Surveys typically result in large amounts of quantifiable data, while focus groups can provide more nuanced, qualitative information.
Focus Group
A form of qualitative research conducted by companies to determine consumer preferences; in a focus group, individuals are gathered and asked questions regarding their opinions and perceptions of a product.
Auction
A process of buying/selling products and services in which items are bid on and then sold to the ultimate buyer at a price determined by the bids gathered.
- Auctions are useful tools for a seller who has little information about consumers’ WTP, but can result in uncertainty and delay for consumers. As a result, fixed prices may be preferred to auctions in certain settings.
- Auctions are effective when a seller needs to sell an item by a certain date. A seller could use a fixed price when he or she is not under time pressure.
- Auctions are good for items for which there is not an easily available market price. The auction format helps the seller to reveal the top buyer willingness to pay.
- An auction will be especially effective if buyers’ valuations of the item are close together. This ensures that the sale price will be close to the WTP of the second highest bidder (based on the Revenue Equivalence Result).
Vickrey auction (Open Outcry Auction)
A type of auction in which buyers submit sealed bids (not visible by other bidders), and the buyer with the most attractive bid wins, and the transaction occurs at the second-best price that was bid.
Sealed first-price auction
A type of auction in which buyers submit sealed bids (not visible by other bidders), and the buyer with the best bid (the highest bid for purchasing a good or lowest bid for offering services) wins, the transaction occurring at the price the winner bid.
The Revenue Equivalence Result
The Revenue Equivalence Result states that, under certain general conditions, each of these types of auctions should result in approximately the same revenue for the seller. This revenue will be approximately equal to the 2nd highest bidder’s WTP.
Winner’s Curse
A phenomenon that occurs in auctions in which the winner of the auction will tend to pay more for a product or service than its true value; the Winner’s Curse tends to occur in auctions for products worth about the same amount to each bidder.
Revealed Preference
The economic idea that consumer preferences can be inferred from consumer behavior rather than what consumers’ claim to prefer/value; an approach to determining consumer willingness to pay based on past consumer decisions.
Conjoint Analysis
A form of market research based on the principle that a product can be broken down into a set of consumer-relevant attributes; a specialized survey design, which determines consumers’ preferences for individual features of a product by first ranking the importance of features and then assigning values to each product attribute based on those features.
Advertising Elasticity of Demand (AED)
A measure of the responsiveness of consumer demand for one product or service to a change in advertising expenditures for that product or service; mathematically calculated as the percentage change in quantity demanded for product X, divided by the percentage change in advertising devoted to product X.
Advertising
Firms can advertise for a product, thereby influencing consumers’ WTP and shifting the demand curve outward.
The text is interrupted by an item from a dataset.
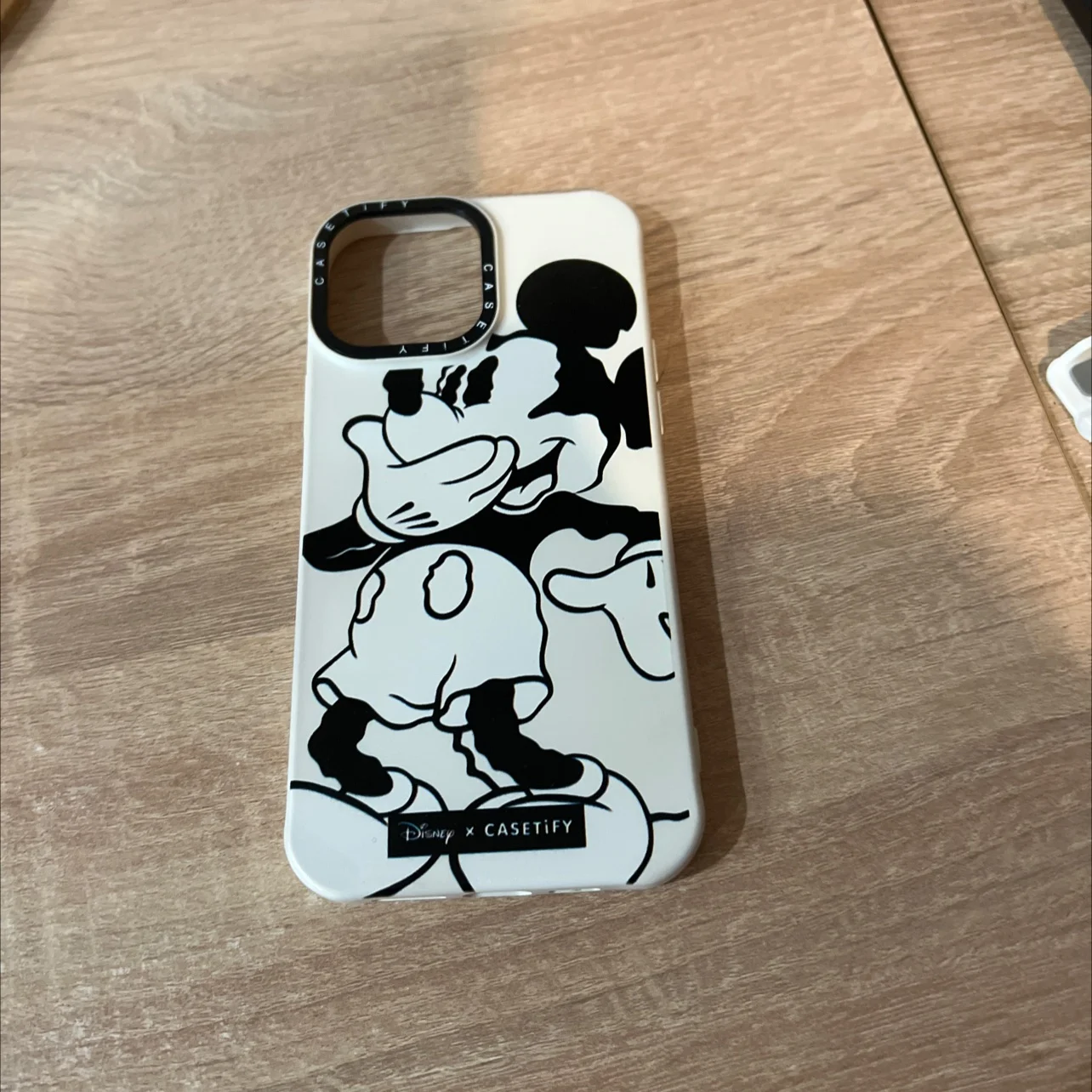 Чехлы на  iPhone 13 Pro Max - миниатюра 3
Advertisements can be persuasive or informative.
Advertising its own product
Advertising its own product shifts the demand curve facing a firm to the right.
Advertising an industry
Advertising an industry is more beneficial when a firm has few important competitors: this will shift the demand curve for the entire industry to the right, and since the firm has a large share of the market, most increased purchases in the industry will benefit the firm.
Running negative advertisements about a firm’s competitor
Running negative advertisements about a firm’s competitor will shift the demand curve for the competitor’s product to the left and (if the competitor’s product is a substitute for the firm’s own product) shift the curve demand for the firm’s product to the right.
Substitute
A product or service that can replace another product or service; mathematically, the combined willingness to pay for two products that are substitutes is lower than the sum of the willingness to pay for each individual product (i.e. you wouldn’t be willing as much to buy both a computer and a tablet as you would to buy either a computer or a tablet separately).
Firms can increase demand for their products by making substitutes less available or more expensive, or by making complements more available or cheaper.